Wakapolda Kalbar Berjibaku Melawan Amukan si Jago Merah

  Sabtu, 20 Agustus 2016 21:23

Berita Terkait

WAKA Polda Kalbar Brigjen pol Drs. Joko Iriyanto didampingi Karo Ops, Dir Reskrimsus, Dir Sabhara, Kabid Humas dan Kapolresta Pontianak, bersama Manggala Agni dan BPBD Kubu Raya berjibaku memadamkan api diatas lahan ratusan hektar lebih di jalan menuju Rasau Jaya.

Lokasi lahan yang terbakar di Jalan Rasau Jaya tersebut,  sempat menghanguskan gudang yang berdiri kokoh di atas lahan seluas 10 hektar. Api agak sulit dipadamkan karena selain lahan yang terbakar adalah lahan gambut, juga sarana pemadaman yang masih sangat minim dan sulitnya mendapatkan air. Menurut informasi yang dihimpun bahwa api mulai menyala  tanggal 18 Agustus  lalu hingga kini masih saja mengeluarkan asap.
Sementara itu di Desa Rasau Jaya dua di  Patok 50 lahan yang terbakar lebih besar lagi yaitu mencapai panjang 1600 meter dan masuk kedalam satu Km ĺebih. Menurut warga yang sedang bekerja membuat kanal agar api tidak merembet kemana mana, bahwa lahan mulai terbakar tanggal 16 Agustus lalu dan sampai saat ini belum bisa dipadamkan.
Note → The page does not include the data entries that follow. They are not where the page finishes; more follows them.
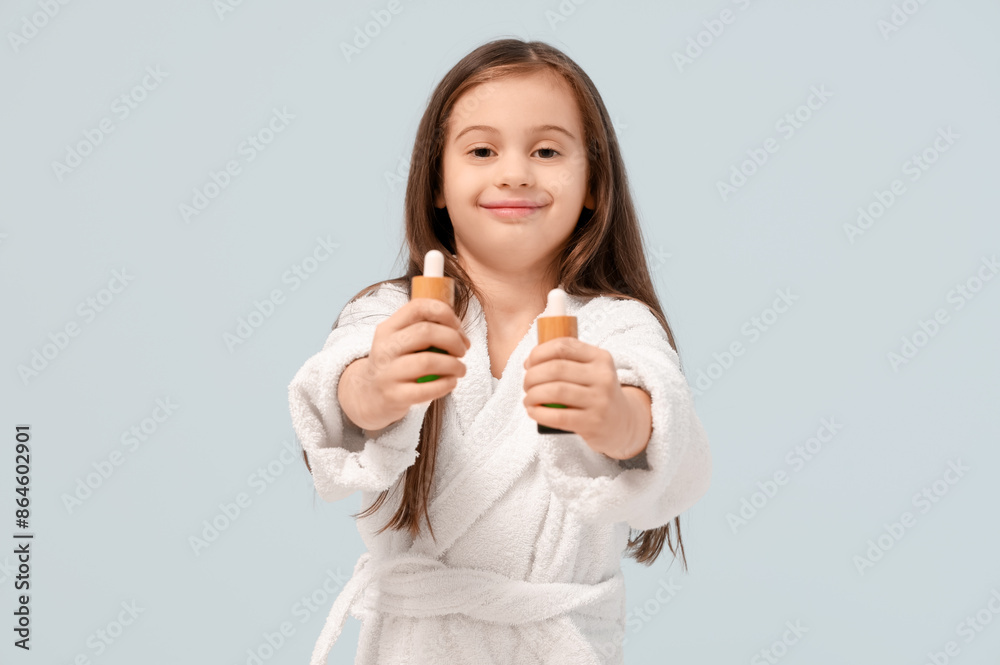 Cute little happy girl in bathrobe with bottles of cosmetic oil on blue background Cute little happy girl in bathrobe with bottles of cosmetic oil on blue background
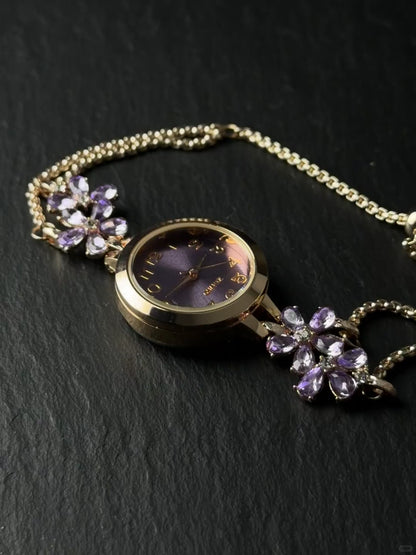 Adjustable watch bracelet with purple face, flower accents, and small crystal end charm
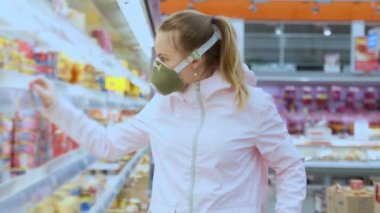 Koruyucu maskeli kız süpermarketteki ürünleri dikkatlice seçiyor, koronovirüs güvenlik önlemlerini karantinaya alıyor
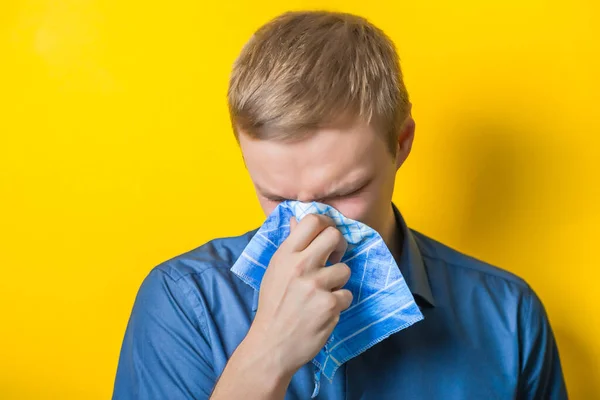 Young Man Close Blue Shirt Yellow Background Cold Cold Blowing — Stock Photo, Image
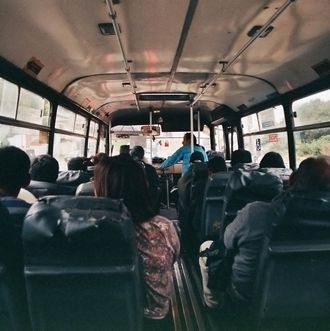 Rear view of people traveling in bus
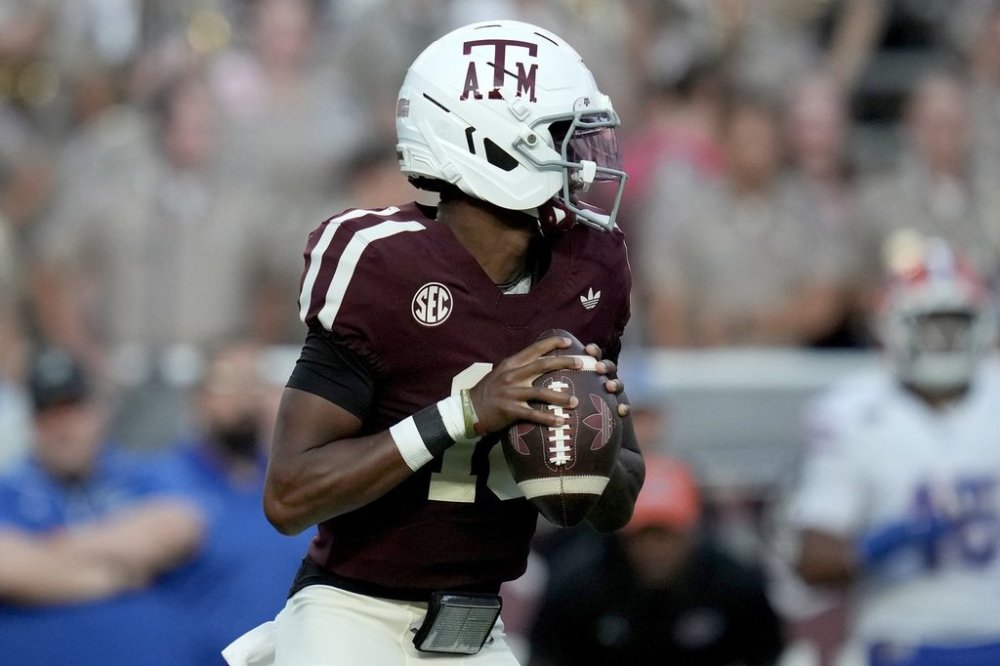 Texas A&M quarterback Marcel Reed (10) looks to pass downfield against Florida during the first quarter of an NCAA college football game Saturday, Oct. 11, 2025, in College Station, Texas. (AP Photo/Sam Craft)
Panjang selang tidak mampu menjangkau sampai ketitiik api.
Upaya kepolisian bersama TNI dan Manggala Agni berupaya memadamkan, namun karena lahan yang terbakàr lahan gambut, sehingga api sulit dipadamkan. Selang yang ada tidak mampu menjangkau sampai sasaran.
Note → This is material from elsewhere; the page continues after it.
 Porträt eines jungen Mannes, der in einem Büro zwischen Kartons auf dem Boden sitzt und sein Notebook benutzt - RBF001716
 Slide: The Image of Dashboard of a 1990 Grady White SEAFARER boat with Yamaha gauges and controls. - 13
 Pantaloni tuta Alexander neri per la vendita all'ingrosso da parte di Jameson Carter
Kabiď Humas Polda Kalbar Kombes Pol Drs. SUHADI SW.M.Si mengungkapkan bahwa sulitnya memadamkan api dilokasi lahan yang terbakar di Desa Rasau Jaya Dua karena ketebalan  gambut  mencapai 4 meter, sehingga memerlukan waktu untuk memadamkannya. Hasil dari pembakaran tersebut banyaknya asap yang dikeluarkan.
Kabid Humas berterima kasih kepada pihak perusahaan didekat lokasi kebakaran yang telah peduli terhadap permasalahan yang dihadapi warga disekitar kebun. Upaya perusahaan melalui pengerahan alat berat untuk membuat kanal disekitat kebun agar api tidak merambat kemana mana. Berkat kerja keras petugas dilapangan hari ini titik hotspot hanya ada 69. Sementara itu pada tanggal yang sama  tahun lalu titik hotspot mencapai 170.  Untuk menekan titik hotspot tentunya perlu keikut sertaan semua pihak, agar tugas yang berat terasa ringan. ( PNC SW ).